Should the Federal Reserve buy Bitcoin?
I heard this on Sunday Reads edition of Coindesk’s Breakdown, it is an audible version of Alex Treese’s “Why the US Needs Bitcoin.”
With Bitcoin hitting a $1 Trillion market cap headed into the weekend, and more companies actively buying it and holding it on their assets as a reserve asset (something easyDNS has been doing since 2013. We also carry physical gold on our balance sheet), would the time ever come when the US Federal Reserve would acquire Bitcoin as another strategic reserve asset?
The idea of a central bank buying Bitcoin isn’t new, the first central bankers to suggest it may have been Barbados’ Winston Moore and Jeremy Stephen who wrote a paper back in 2015 suggesting the BCD consider holding up to 1% of its foreign currency reserves in Bitcoin.
Announcing: easyWhois to transition to Domainhelp
It is time to overhaul our easyWhois lookup utility which has been around nearly as long as easyDNS, has been used the world over, referenced in textbooks and used in online courses.

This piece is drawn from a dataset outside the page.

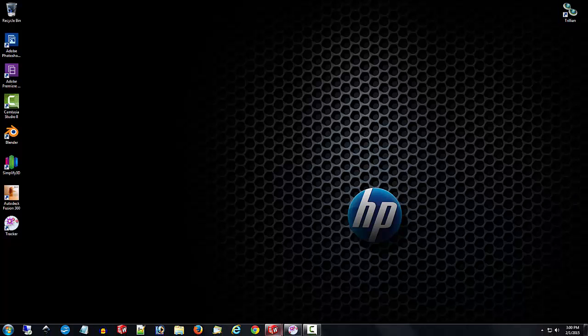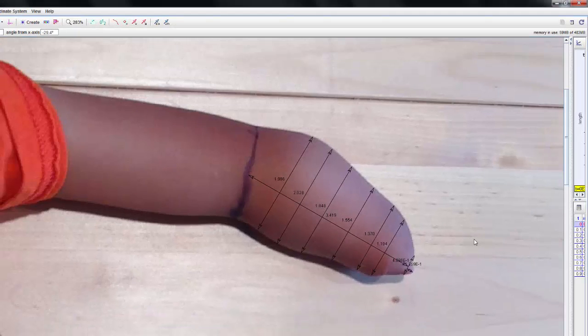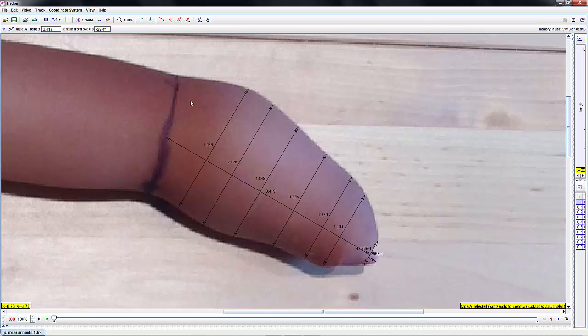Everybody who gets matched gets photographs of the recipient, and those photographs are taken with a ruler set next to the recipient's short arm. Most people are familiar with the tracker software — if not, search around the Google Plus page and you'll find links to get to that. Basically, you take a ruler and set a measurement scale, dragging it out in a one-inch increment. Then I'll come in and try to figure out a point in the mid area of the hinge point of the elbow, then drag out a dimension to the end of the forearm.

With the future of the whois protocol itself unclear, the transition to the next generation RDAP directories just as murky, we decided to consolidate the myriad other tools we’ve built out over the years (like our SPFWizard and “What is my Resolver”) and consolidate them all under Domainhelp.com
Domainhelp is in “beta” status, and we haven’t yet redirected the traffic from the other sites to it, but it is there and you can take it for a spin. It contains the various lookups contained at easyWhois and a few new ones, including a utility for generating QR Codes.
We’ll be adding more utilities in the near future.